Offenbar hatte Van Sant 2002 eine radikale Kehrtwende dringend nötig – weg von seinen hoch budgetierten Mainstream-Produktionen der späten 90er Jahre, weit weg vor allem von »Good Will Hunting«, der ihm eine Oscar-Nominierung und einen Kassenerfolg in Millionenhöhe beschert hatte. Wie ihm all das geschmeckt hat, kann man an seinem Cameo in Kevin Smiths »Jay and Silent Bob Strike Back« ablesen. Dort sitzt Van Sant als er selbst vor einem Batzen Geld und ist zu beschäftigt mit dem Scheine-Zählen, als dass ihn die Dreharbeiten zum fiktiven Sequel (»Hunting Season«) bekümmern könnten. Kein Wunder, dass er Matt Damon in »Gerry« buchstäblich in die Wüste schickte.

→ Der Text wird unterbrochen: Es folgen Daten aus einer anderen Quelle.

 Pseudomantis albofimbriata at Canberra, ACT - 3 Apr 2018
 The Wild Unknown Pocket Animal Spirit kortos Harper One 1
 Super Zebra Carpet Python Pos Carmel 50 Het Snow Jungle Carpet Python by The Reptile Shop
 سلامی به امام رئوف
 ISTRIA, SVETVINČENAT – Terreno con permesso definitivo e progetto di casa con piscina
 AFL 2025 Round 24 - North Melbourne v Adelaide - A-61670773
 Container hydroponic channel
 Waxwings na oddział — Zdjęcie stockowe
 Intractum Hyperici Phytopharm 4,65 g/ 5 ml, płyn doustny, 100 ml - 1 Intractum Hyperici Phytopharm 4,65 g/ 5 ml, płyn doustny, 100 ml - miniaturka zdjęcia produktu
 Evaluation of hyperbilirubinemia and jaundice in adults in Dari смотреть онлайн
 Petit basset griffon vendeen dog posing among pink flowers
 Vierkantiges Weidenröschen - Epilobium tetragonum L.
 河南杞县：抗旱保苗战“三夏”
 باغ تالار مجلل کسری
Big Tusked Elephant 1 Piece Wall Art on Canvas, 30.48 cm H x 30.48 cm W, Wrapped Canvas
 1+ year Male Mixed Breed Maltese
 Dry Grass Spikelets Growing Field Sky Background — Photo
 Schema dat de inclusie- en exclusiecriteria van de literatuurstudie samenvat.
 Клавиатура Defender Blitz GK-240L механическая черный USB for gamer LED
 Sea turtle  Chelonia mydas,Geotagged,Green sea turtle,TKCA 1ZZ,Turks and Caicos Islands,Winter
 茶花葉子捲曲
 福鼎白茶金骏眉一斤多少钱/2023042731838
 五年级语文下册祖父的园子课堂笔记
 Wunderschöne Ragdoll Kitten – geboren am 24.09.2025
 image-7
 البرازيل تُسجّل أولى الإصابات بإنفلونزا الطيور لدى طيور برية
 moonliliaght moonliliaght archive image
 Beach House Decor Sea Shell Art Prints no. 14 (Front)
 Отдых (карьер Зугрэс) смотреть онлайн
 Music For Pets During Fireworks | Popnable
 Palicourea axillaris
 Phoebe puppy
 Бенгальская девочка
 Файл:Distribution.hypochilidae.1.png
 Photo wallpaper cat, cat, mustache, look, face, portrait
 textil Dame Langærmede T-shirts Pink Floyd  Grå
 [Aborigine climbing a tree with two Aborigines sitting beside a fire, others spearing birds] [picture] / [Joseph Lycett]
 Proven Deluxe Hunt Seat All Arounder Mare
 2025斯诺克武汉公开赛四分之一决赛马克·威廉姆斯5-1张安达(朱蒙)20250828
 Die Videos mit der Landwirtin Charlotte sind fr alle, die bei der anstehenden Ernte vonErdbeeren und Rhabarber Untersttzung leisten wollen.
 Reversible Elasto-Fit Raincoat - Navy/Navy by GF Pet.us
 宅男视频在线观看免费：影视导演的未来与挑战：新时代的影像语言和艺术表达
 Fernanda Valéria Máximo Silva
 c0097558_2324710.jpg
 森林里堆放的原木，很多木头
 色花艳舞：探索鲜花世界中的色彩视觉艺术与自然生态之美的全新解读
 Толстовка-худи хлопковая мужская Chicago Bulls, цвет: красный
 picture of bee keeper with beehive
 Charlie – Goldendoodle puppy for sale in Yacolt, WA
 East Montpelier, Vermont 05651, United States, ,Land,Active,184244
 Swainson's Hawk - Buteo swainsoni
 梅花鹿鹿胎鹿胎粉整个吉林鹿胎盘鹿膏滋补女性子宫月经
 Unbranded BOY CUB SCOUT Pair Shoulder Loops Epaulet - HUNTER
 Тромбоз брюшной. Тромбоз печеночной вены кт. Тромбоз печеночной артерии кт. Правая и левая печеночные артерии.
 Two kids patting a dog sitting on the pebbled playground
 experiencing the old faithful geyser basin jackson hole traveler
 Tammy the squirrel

Die minimalistische Ästhetik bestimmte auch »Elephant« (2003), Van Sants eigenwillige Aufarbeitung des High-School-Massakers von Littleton. Nach dem langsamen Tod durch das Ausgeliefertsein an die Natur handelt dieser Film vom gewaltsamen, plötzlichen Sterben ohne jede Vorwarnung. Die Bilder besorgte auch hier Harry Savides, der in langen, elegischen Fahrten die Begegnungen einer Gruppe von Schülern auf dem Campus einfing, ihre letzten, flüchtigen Augenblicke an einem Sommertag, an dem der blaue Himmel unendlich schien. Dazu schufen das Sounddesign von Leslie Schatz und Hildegard Westerkamps Musique-concrète-Kompositionen ein dichtes Gewebe aus Beethoven und zart knisternden Ambient-Blöcken.

Dekadenz und Verfall

»Last Days« (2005), der sich mal lose, mal konkret an den letzten Tagen von Nirvana-Frontmann Kurt Cobain orientiert, ist mit einem Soundteppich aus Kirchenglocken und Vogelzwitschern unterlegt. Blake/Cobain (Michael Pitt) murmelt unentwegt Unverständliches, während ihm Savides’ Kamera auf seinen Wegen durch die labyrinthische Anlage seines am Waldrand gelegenen Anwesens und dessen Umgebung folgt. Von Außen ein imposanter herrschaftlicher Bau aus grauem Stein, im Inneren alles Dekadenz und Verfall. Die Farbe blättert von den Wänden, und während seine Entourage mühsam versucht, die Orgie auf Sparflamme am Laufen zu halten, bereitet sich ein apathischer Blake in der Küche unbeholfen Makkaroni mit Fertig-Käse­soße zu, schleicht in Negligé und Jägermütze mit der Schrotflinte durchs Haus oder improvisiert mit sich allein im Tonstudio.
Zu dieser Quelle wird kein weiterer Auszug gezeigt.